The present invention has provided important advances in the field of thin film sensors. The decal sensor can be easily manufactured and applied, with the decal sensor providing reproducible results. Although the present invention has been described with respect to particular embodiments and examples, those skilled in the art will be able to make various modifications and changes within the scope of the invention as defined by the claims. Easy to understand.

[Brief description of drawings]

FIG. 1 is a perspective view of a thin film thermocouple sensor made in accordance with the present invention.

2 is a cross-sectional view of the sensor of FIG. 1 taken along line 2-2.

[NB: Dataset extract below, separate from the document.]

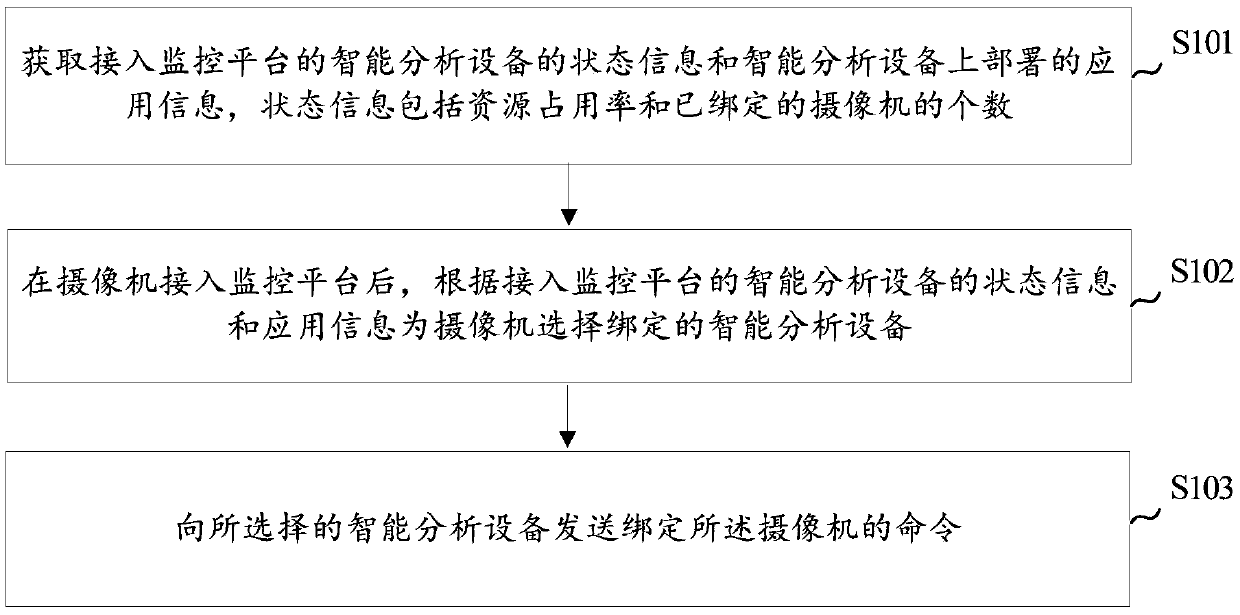 Intelligent analysis equipment resource adjustment method and device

FIG. 3 is a flow chart of making and applying a thin film sensor.

FIG. 4 is a perspective view of a disc structure to which a decal sensor is applied.

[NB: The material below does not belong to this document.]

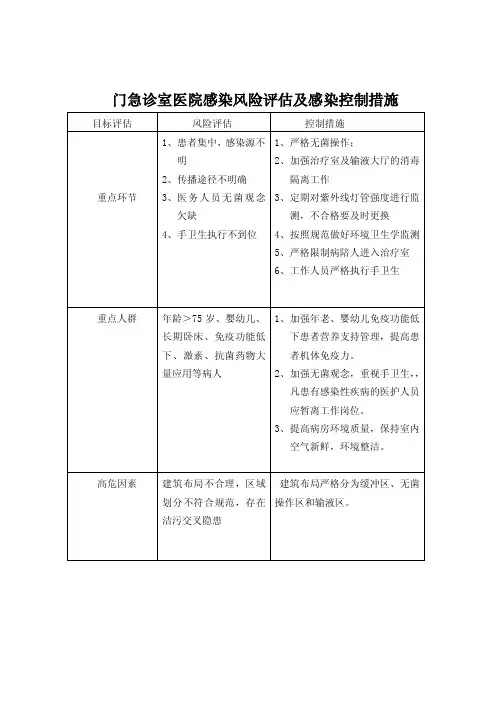 感染风险评估及感染控制措施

5 is a cross-sectional view of the disc structure of FIG. 4 taken along line 5-5.

FIG. 6 is a perspective view of a thin film strain gauge sensor.

FIG. 7 is a perspective view of a thin film crack sensor.

FIG. 8 is a perspective view of a thin film grating.

[Explanation of symbols]

 20 Sensor Decal 22 Thermocouple 26, 28 Trace 32, 38 Insulator Layer 33 Bonding Layer 34 Release Layer 36 Softening Material Layer 40 Support Layer 42 Via 44 Lead Wire 70 Thin Film Measuring Unit 72 Turbine Disk 74 Surface 76, 78, 80 sensor

 ─────────────────────────────────────────────────── ———————————————————————————————— 72 Inventor Douglas Marshall Carlson Barrett Road, West Chester, Ohio, United States, 6601

Claims (18)

[Claims] 1. A thin film measuring unit, and a release layer to which the thin film measuring unit is coupled,
An engineering sensor decal comprising a release layer including means for releasing the thin film measurement unit from the release layer when contacted with a solvent. 2. The sensor decal according to claim 1, wherein the release layer is formed of paper, and the releasing means is an organic material that can be softened by a solvent in the release paper. 3. The sensor decal according to claim 2, wherein the organic material softens in water. 4. The sensor decal according to claim 1, wherein the thin film measurement unit includes a bonding layer in contact with the release layer. 5. The bonding layer comprises ceramic, glass, and
The sensor decal according to claim 4 formed of a material selected from the group consisting of a polymeric material and. 6. The sensor decal according to claim 1, wherein the thin film measurement unit includes a sensor element. 7. The sensor decal according to claim 6, wherein the thin film measurement unit further comprises at least one thin film insulator layer adjacent to the sensor element. 8. The sensor decal according to claim 6, wherein the sensor element is a thermocouple. 9. The sensor decal according to claim 8, wherein the sensor element is a strain gauge. 10. The sensor decal according to claim 8, wherein the sensor element is a crack opening gauge. 11. The sensor decal according to claim 1, wherein the measurement unit includes a support layer remote from the release layer. 12. A release layer comprising a substance that can be softened by a solvent, a bonding layer in contact with the release layer, and a thin film sensor element formed integrally with the bonding layer. Sensor decal. 13. The sensor decal according to claim 12, further comprising a first insulator layer between the tie layer and the sensor element. 14. The sensor according to claim 12, further comprising a second insulator layer overlying the sensor element.
Decal. 15. The sensor decal according to claim 12, further comprising a support layer overlying the sensor element. 16. The release layer is made of paper,
The sensor decal according to claim 12, wherein the solvent-softenable substance is softened in water. 17. A step of supplying a sensor decal including a thin film measurement unit bonded to a release layer by a substance softenable by a solvent, the thin film measurement by contacting the sensor decal with a solvent. A method of making a sensor comprising: separating a unit from the release layer; applying the thin film measurement unit to a substrate; and drying the thin film measurement unit to remove the solvent. 18. The method of claim 17, further comprising the step of heating the thin film measurement unit and the substrate to bake the measurement unit onto the substrate after the drying step.